Please print the listing that follows word for word, but skip any pictures it holds.
————————
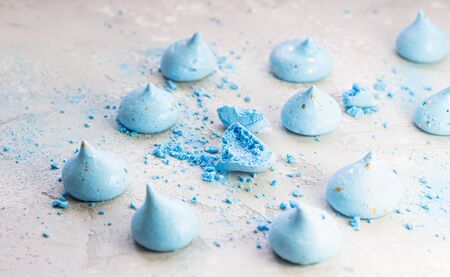Small blue meringues with crumbles on light gray stone background.の写真素材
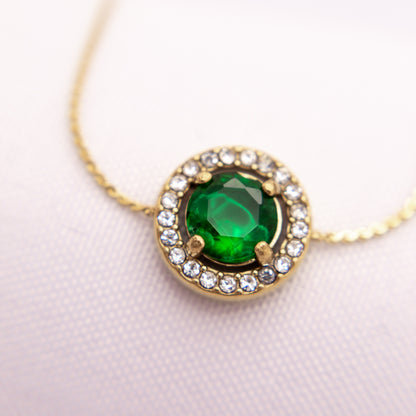 Necklace with a green gemstone and gold setting on a light pink background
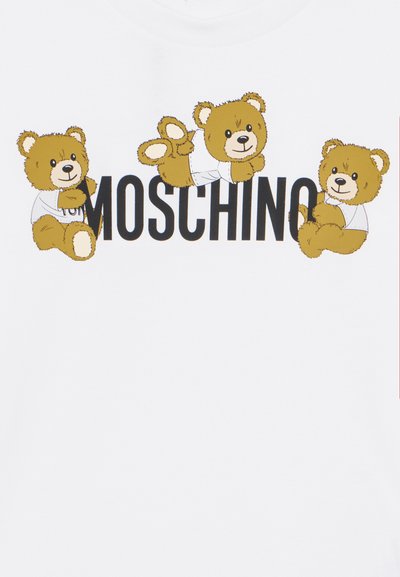Camiseta blanca con tres osos de dibujos animados y el texto "Moschino" en letras negras en negrita. Los osos son marrones con acentos claros.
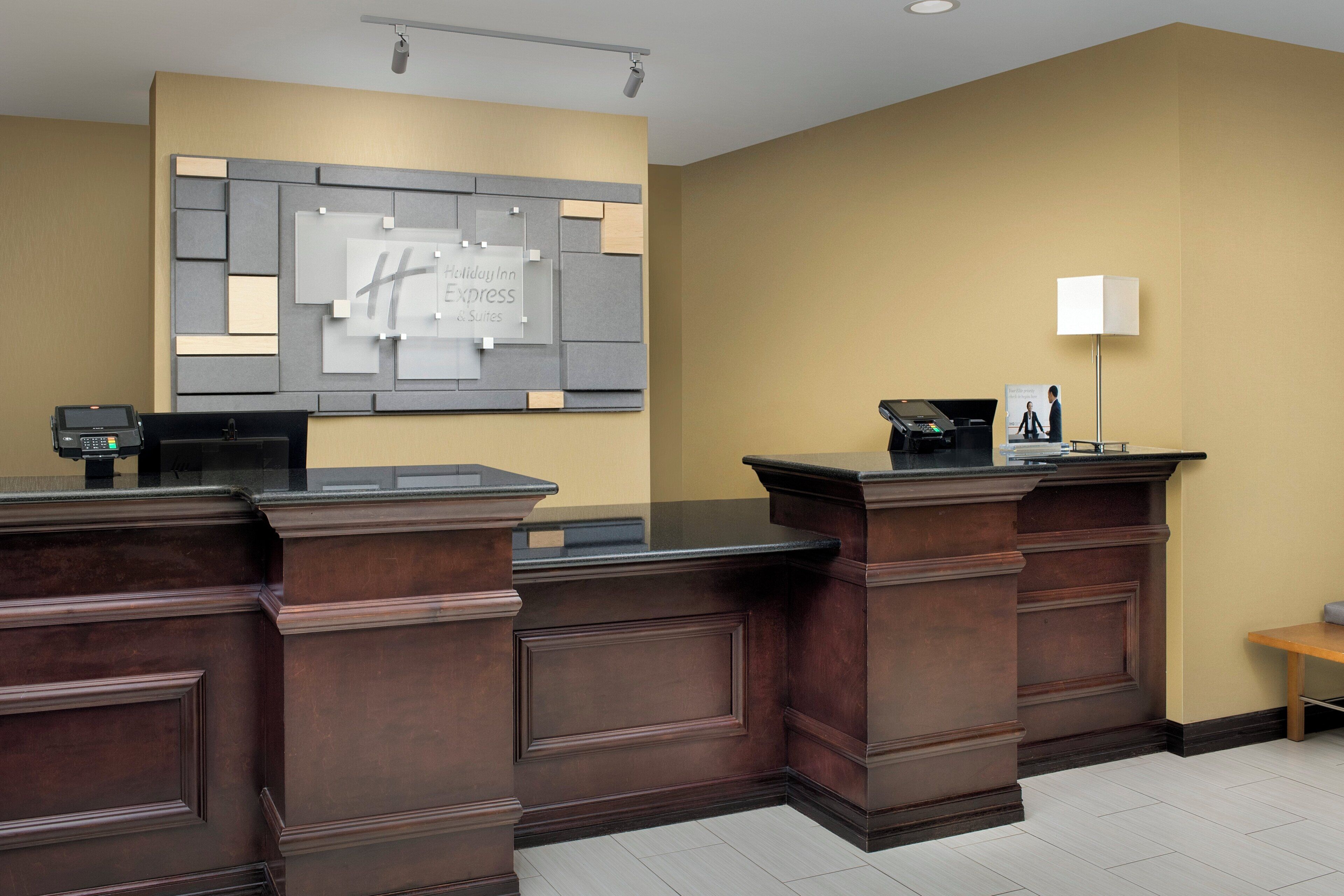 A reception desk with a digital kiosk, a wall-mounted information board, and a desk lamp.
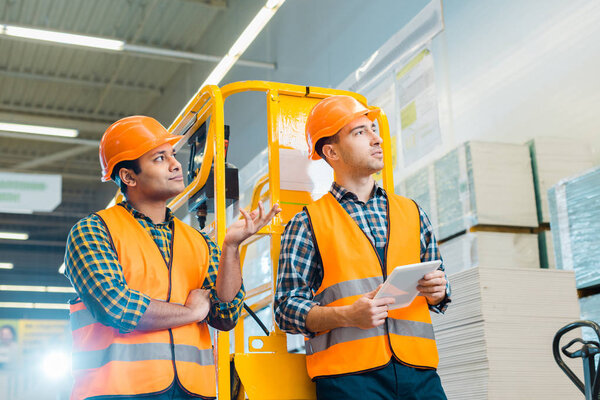 selective focus of multicultural workers looking away in warehouse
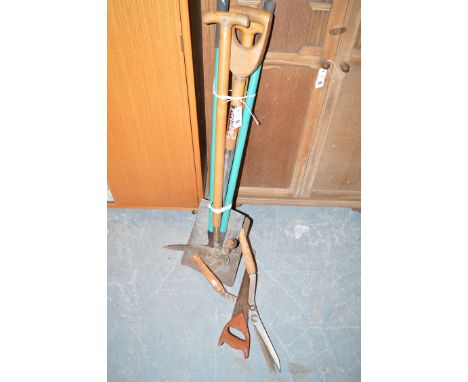 Two bundles of garden tools.
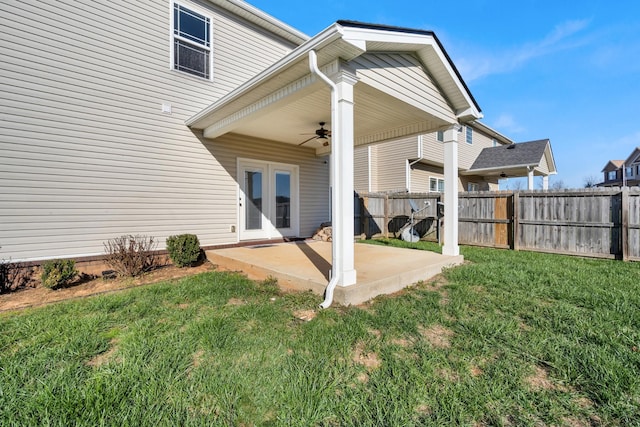 back of house featuring french doors, ceiling fan, a patio, and a lawn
————————
EXERCISE ANSWER:
Small blue meringues with crumbles on light gray stone background.の写真素材
 Necklace with a green gemstone and gold setting on a light pink background
Camiseta blanca con tres osos de dibujos animados y el texto "Moschino" en letras negras en negrita. Los osos son marrones con acentos claros.
 A reception desk with a digital kiosk, a wall-mounted information board, and a desk lamp.
 selective focus of multicultural workers looking away in warehouse
 Two bundles of garden tools.
 back of house featuring french doors, ceiling fan, a patio, and a lawn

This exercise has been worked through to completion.